Merhaba,
Yeni bir yıla merhaba dedik. Herkes kendince 2013’ü karşıladı. Kimileri sokaklarda gezmeyi, kimileri eğlence mekanlarında eğlenmeyi tercih ederken, kimileri de evlerinin sıcağında televizyonlarının karşısında bulunmayı seçti. İnşallah herkes yeni yılı keyifle karşılamıştır ve bu keyif, mutluluk tüm yıl boyunca devam eder.
Klasik bir laf vardır. ”Ev alma komşu al”! Ya da, ”Nerede kaldı o eski komşuluk ilişkileri”. Yalan mı? Sahi, nerede kaldılar?

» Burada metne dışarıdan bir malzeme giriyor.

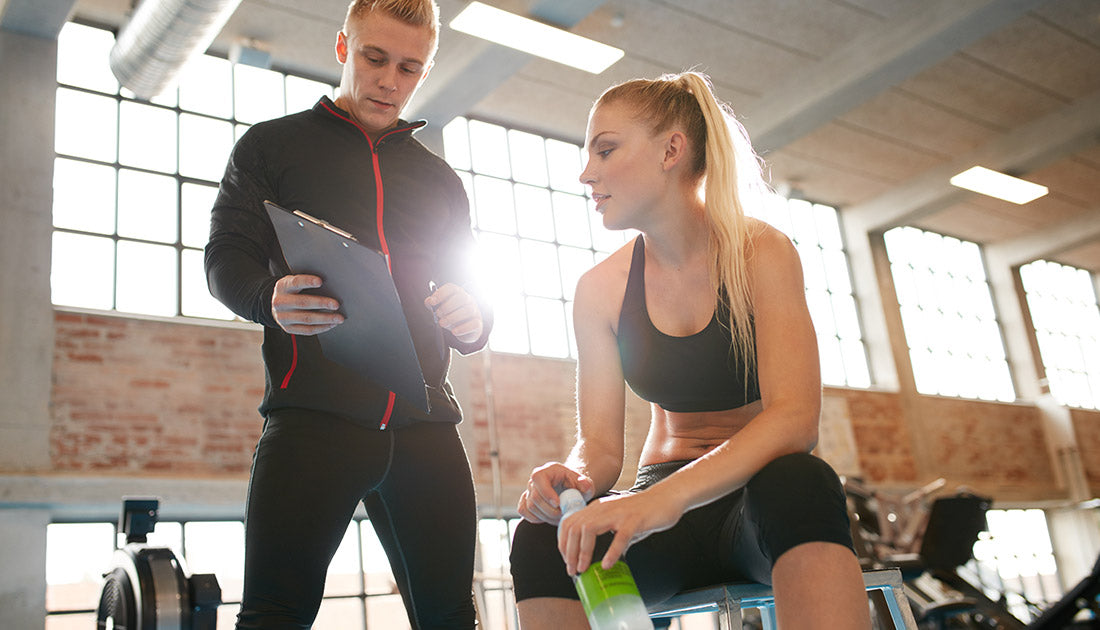 Personal coach standing near young woman and showing something on his clipboard. Female relaxing and talking with personal trainer after workout. Trainer making an exercise plan for young woman.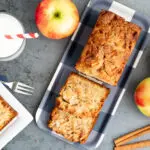 Jewish Apple Cake Quick bread Recipe apples and glass of milk with red and white striped straw and cinnamon sticks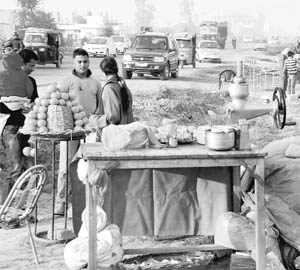 Fruit-sellers occupy space along the Chandigarh-Ambala highway at Zirakpur on Friday.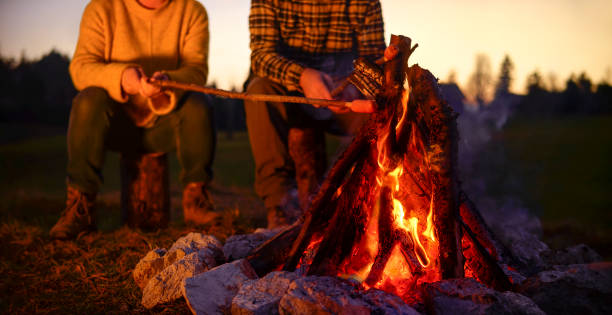 istock Mature couple roasting sausage over camp fire 1308392656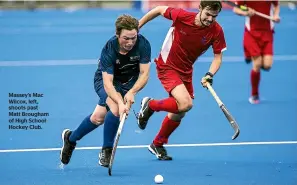  ??  ?? Massey’s Mac Wilcox, left, shoots past Matt Brougham of High School Hockey Club.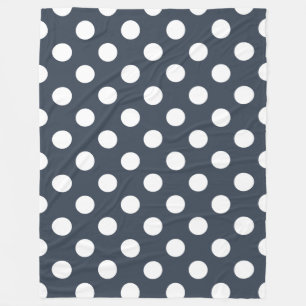 White polka dots on blue-gray fleece blanket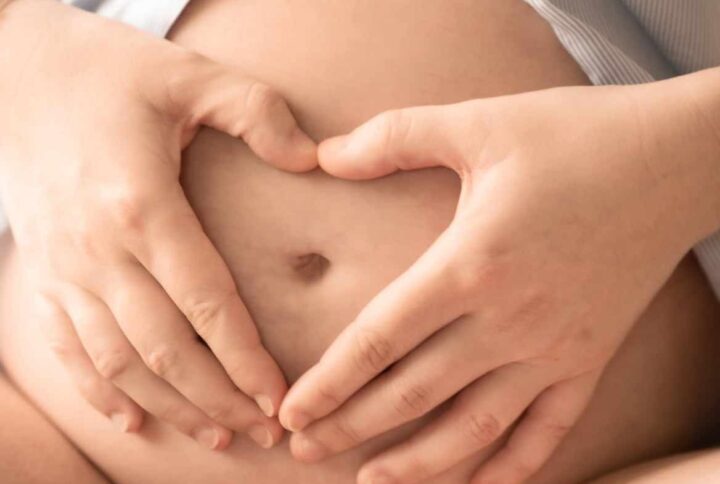 mains qui forment un cœur sur le ventre d'une femme enceinte. ventre de femme enceinte. chemise ouverte sur le ventre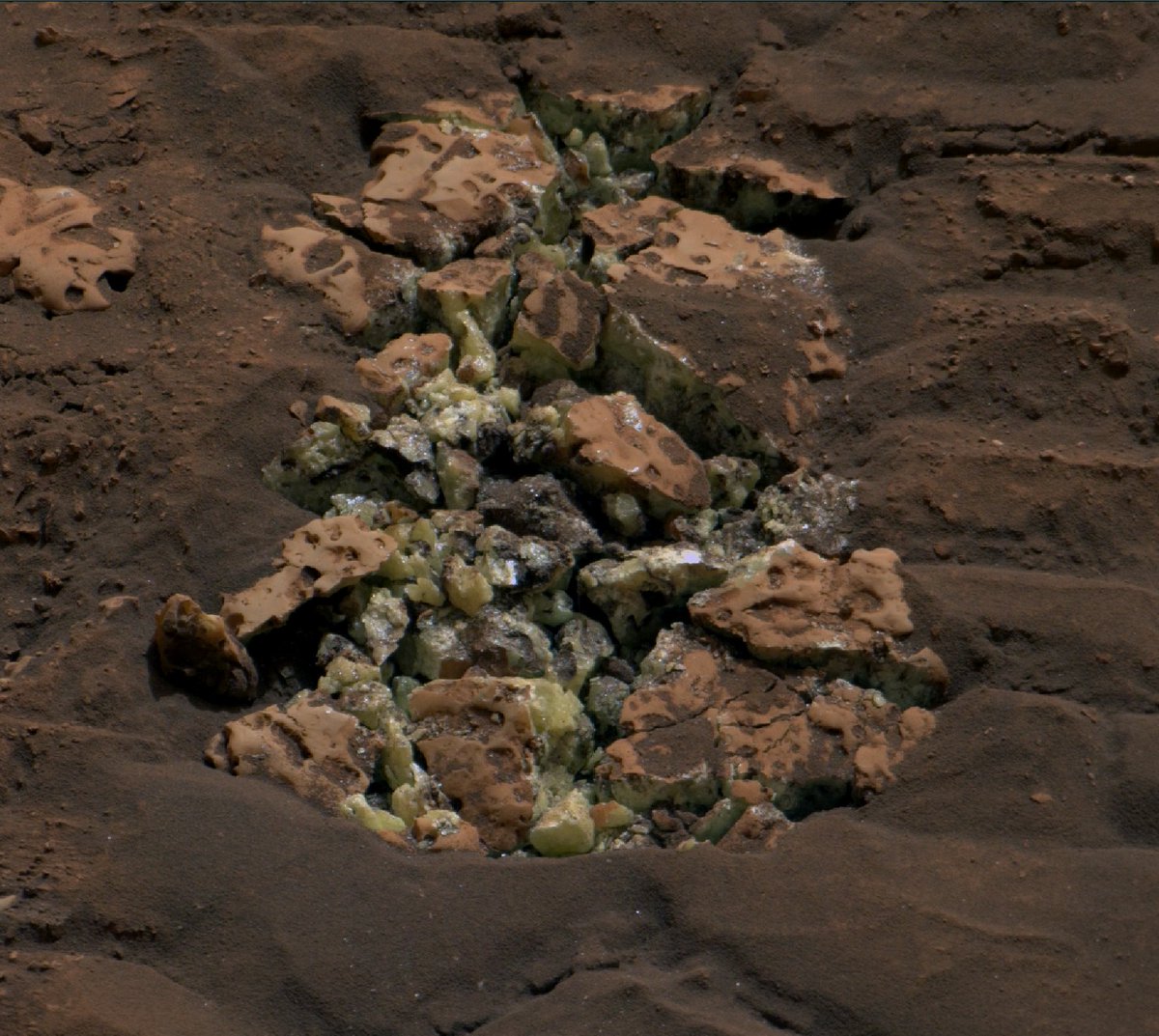 NASA (@nasa) on Twitter photo For the first time, our <a href="/MarsCuriosity/">Curiosity Rover</a> rover has found crystals of pure sulfur on the Red Planet—after rolling over a rock and cracking it open: go.nasa.gov/4bLGG1v For the first time, our <a href="/MarsCuriosity/">Curiosity Rover</a> rover has found crystals of pure sulfur on the Red Planet—after rolling over a rock and cracking it open: go.nasa.gov/4bLGG1v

Büyüdüğüm apartmanda yaklaşık 20 daire vardı. Hatırlıyorum da tanımadığımız, bilmediğimiz, selamlaşmadığımız hiç kimse yoktu. Tüm komşular, sürekli birbiri ile güzel ve sıcak bir iletişim halindeydi. Mine Teyze’miz, Haluk Ağabeyimiz, Elif Abla’mız(ki benim kız kardeşim adını o Elif Abla’dan almıştır), nasıl da büyük bir aile gibiydi herkes. Yemekler yapılırdı, ikram edilirdi ve o tabaklar / çanaklar asla boş geri dönmezdi. Bu şekilde herkes hünerlerini gösterir, tüm apartmanda kim hangi yemeği güzel yapıyor, herkes bilirdi.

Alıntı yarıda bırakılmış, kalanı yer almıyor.